A long squared rod with sides $l$, thermal conductivity $\lambda$, specific heat $c_p$ and density $\rho$ is cooled with water with constant temperature. Inside our squared rod we have a long square heater with sides $l/2$ and is completely centered inside the rod. Heat sources per unit volume in this is equal to $q [W/m^3]$. (When calculating the temperature, you can use only the biggest three terms of the sum)
What is the maximum possible temperature of the surrounding water , before the heater starts to melt down? Melting temperature is $T_c$.

Homework Equations

The Attempt at a Solution

I am really not sure this is correct, but at least it is something:
So we have two squares, one with sides $l$ and the other one centered in the first one with sides $l/2$. I have put the origin of my coordinate system in the left bottom corner of the bigger square. This may not be a really good idea but there is a good reason why I chose this option.

And the reason is, that if the origin is there, than the function that solves $\nabla ^2T(x,y)=0$ is $$T(x,y)=\sum_{n,m}A_{n,m}sin(\frac{n\pi}{l}x)sin(\frac{n\pi}{l}y)$$ Of course the equation I am solving is not $\nabla ^2T=0$ instead I have to consider the heater! Therefore $\nabla ^2 T(x,y)=-\frac{q}{\rho c_p D}$.

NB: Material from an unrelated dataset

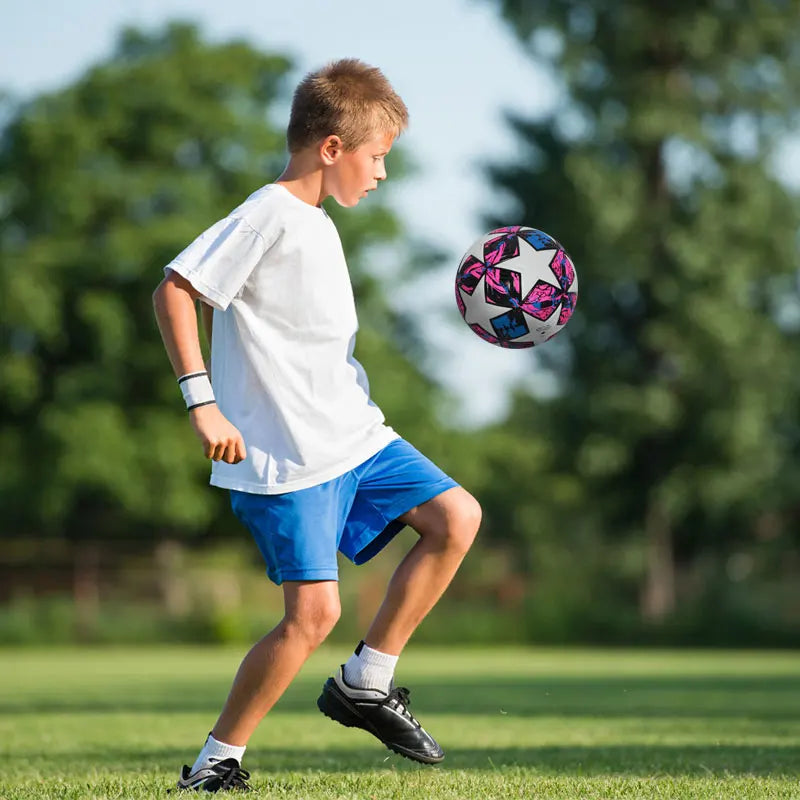 Professional Size 4 & 5 Soccer Ball – Seamless PU Football for Match & Training, Durable & High Bounce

Meaning I should write $\frac{q}{\rho c_p D}$ in terms of this sum $T(x,y)=\sum_{n,m}C_{n,m}sin(\frac{n\pi}{l}x)sin(\frac{n\pi}{l}y)$, so let's do that: $$\frac{q}{\rho c_p D}\int_{l/4}^{3l/4}\int _{l/4}^{3l/4}sin(\frac{n\pi}{l}x)sin(\frac{n\pi}{l}y)dxdy=C_{n,m}(\frac l 2)^2$$ Which brings me to $$C=\frac{8q}{\rho c_p D\pi ^2}\frac{1}{mn}$$ but only for (both) odd $m$ and $n$.
So finally $$\frac{q}{\rho c_p D}=\sum_{m,n}\frac{8q}{\rho c_p D\pi ^2}\frac{1}{mn}sin(\frac{n\pi}{l}x)sin(\frac{n\pi}{l}y)$$

Now I can start solving $\nabla ^2 T(x,y)=-\frac{q}{\rho c_p D}$ $$\sum _{m,n}A_{m,n}\frac{\pi ^2}{l^2}(m^2+n^2)sin(\frac{n\pi}{l}x)sin(\frac{n\pi}{l}y)=-\sum_{m,n}\frac{8q}{\rho c_p D\pi ^2}\frac{1}{mn}sin(\frac{n\pi}{l}x)sin(\frac{n\pi}{l}y)$$ Which brings me to
$$A_{m,n}=\frac{8qL^2}{\rho c_pD\pi^4}\frac{1}{mn(m^2+n^2)}$$ Therefore the solution should be $$ T(x,y)=\sum_{\text{odd} m,n}\frac{8qL^2}{\rho c_pD\pi^4}\frac{1}{mn(m^2+n^2)}sin(\frac{n\pi}{l}x)sin(\frac{n\pi}{l}y)$$

Now to calculate the temperature I think I should do this, but I am really not so sure about this part: $$P=\lambda S\frac{\Delta T}{L/4}$$ where $P=\int qdV$ so $$\int qdV=\lambda S\frac{T_c-T_x}{L/4}$$ where I used notation $T_x$ for the temperature that I hope the problem is asking after...

Hmm. What do you think?

 

[BvU]

This is not a contribution, just some questions:
I imagine the rod is solid and the inner rod, same material properties, is the heat source. I would expect from symmetry that it's enough to consider one eigth, e.g. (with the origin at the axis of the rod) from x-axis to the line y=x. x-axis points to the middle of a side, y=x to an edge.
Is that the right idea ?

Heat is generated from x=0 to x=l/4 and the boundary conditions are: T gradient $\perp$ the lines mentioned and T = T_water at x =l/2 .
Sound reasonable ?

 

[skrat]

This is not a contribution, just some questions:
I imagine the rod is solid and the inner rod, same material properties, is the heat source. I would expect from symmetry that it's enough to consider one eigth, e.g. (with the origin at the axis of the rod) from x-axis to the line y=x. x-axis points to the middle of a side, y=x to an edge.
Is that the right idea ?

I can't see any problems with it. By the way, that is an interesting idea.

Heat is generated from x=0 to x=l/4 and the boundary conditions are: T gradient $\perp$ the lines mentioned and T = T_water at x =l/2 .
Sound reasonable ?

Sounds very reasonable! Hopefully I will have some time left to check if the results match with the original post.